# Porno Star



## sttu80 (Jan 28, 2004)

A young lady in the maternity ward just prior to labour is asked by
the midwife if she would like her husband to be present at the birth.

"I'm afraid I don't have a husband" she replied

"O.K. do you have a boyfriend?" asks the Midwife

"No, no boyfriend either."

"Do you have a partner then?"

"No, I'm unattached, I'll be having my baby on my own."

After the birth the midwife again speaks to the young woman. "You
have a healthy bouncing baby girl, but I must warn you before you see her
that the baby is black"

"Well," replies the girl. I was very down on my luck, with no money
and nowhere to live, and so I accepted a job in a Porno movie.

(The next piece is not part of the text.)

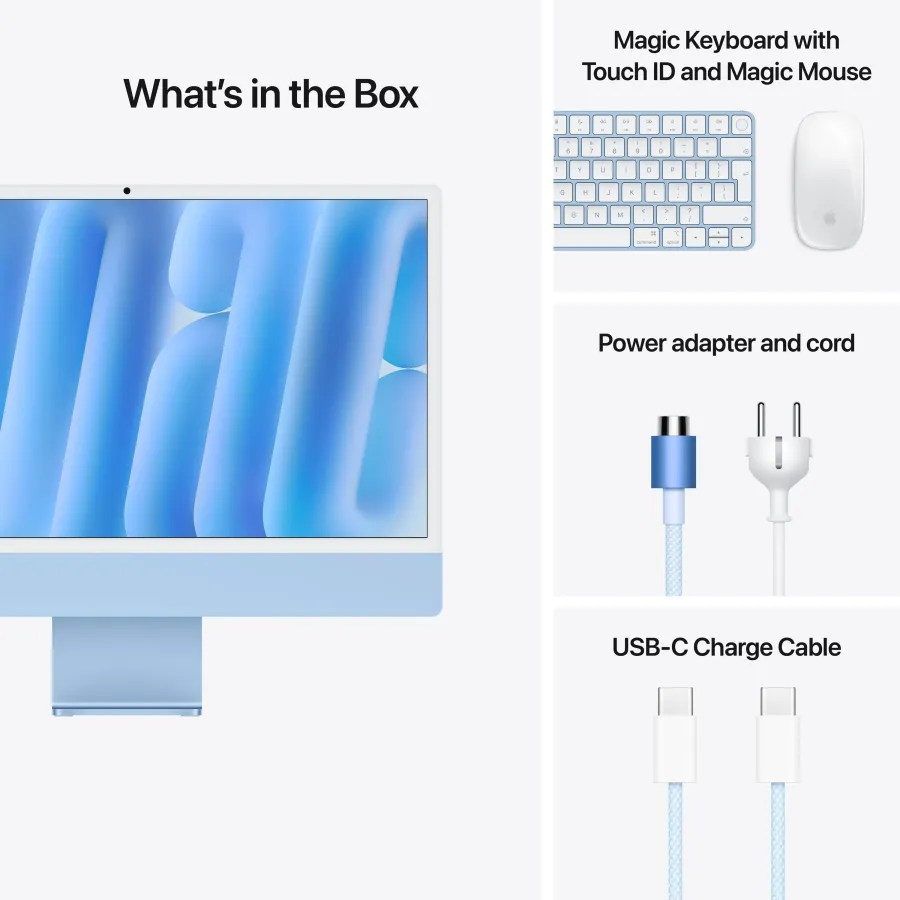 24-inch iMac with Retina 4.5K display: Apple M4 chip with 10‑core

The lead
man was black.

"Oh, I'm very sorry," says the midwife, "that's really none of my
business and I'm sorry that I have to ask you these awkward questions
but I must also tell you that the baby has blonde hair." "Well yes," the
girl again replies, "you see I desperately needed the money and there
was this Swedish guy also involved in the movie, what else could I do?"

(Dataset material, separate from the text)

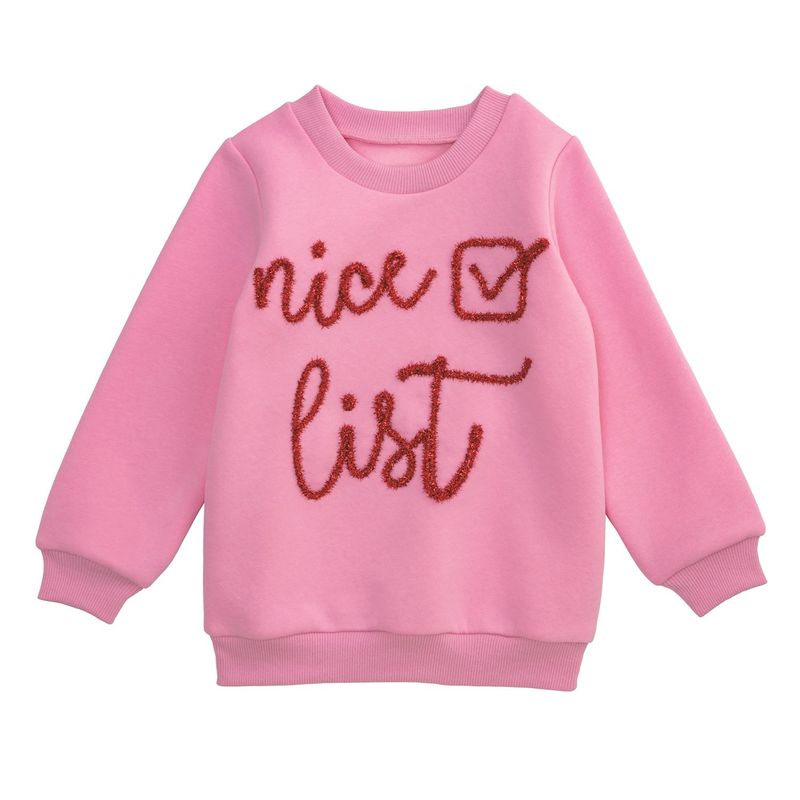 Mud Pie Nice List Tinsel Sweatshirt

"Oh, I'm sorry," the midwife repeats, "that's really none of my
business and I hate to pry further but your baby has slanted eyes."

"Well yes," continues the girl, "I was incredibly hard up and there
was a little Chinese man also in the movie, I really had no choice."

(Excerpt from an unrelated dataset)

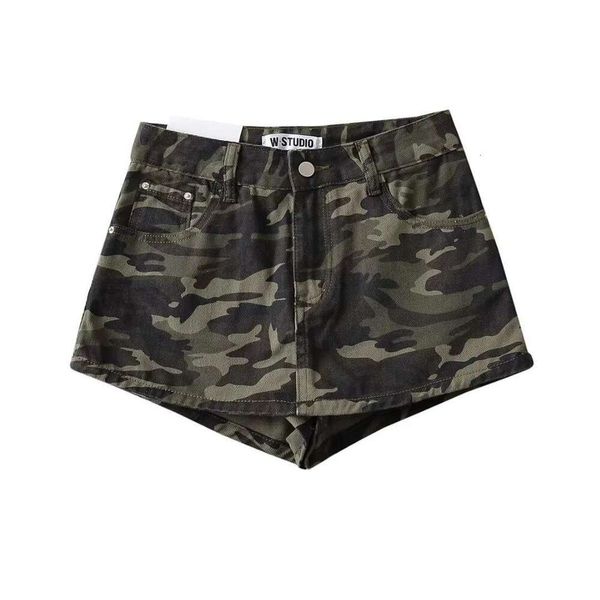 sweet and spicy skirt personality high waisted camouflage work dress short womens summer stretch butt fake two, Black
sweet and spicy skirt personality high waisted camouflage work dress short womens summer stretch butt fake two, Black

At this the midwife again apologises, collects the baby and presents
her to the girl, who immediately proceeds to give baby a slap on the bum.
The baby starts crying and the mother exclaims, "Well thank god for that!"

"What do you mean?" says the midwife, shocked. "Well," says the girl
extremely relieved, "I had this horrible feeling that it was going to
bark."


----------



## YELLOW_TT (Feb 25, 2004)

that joke is a bit woof :lol:


----------



## Hannibal (Dec 1, 2003)

YELLOW_TT said:


> that joke is a bit woof :lol:


not as much as that one is*....

H
*using the word joke in the 'loosest' sense of the word....


----------



## d8ean (Nov 7, 2003)

woof woof! :lol:


----------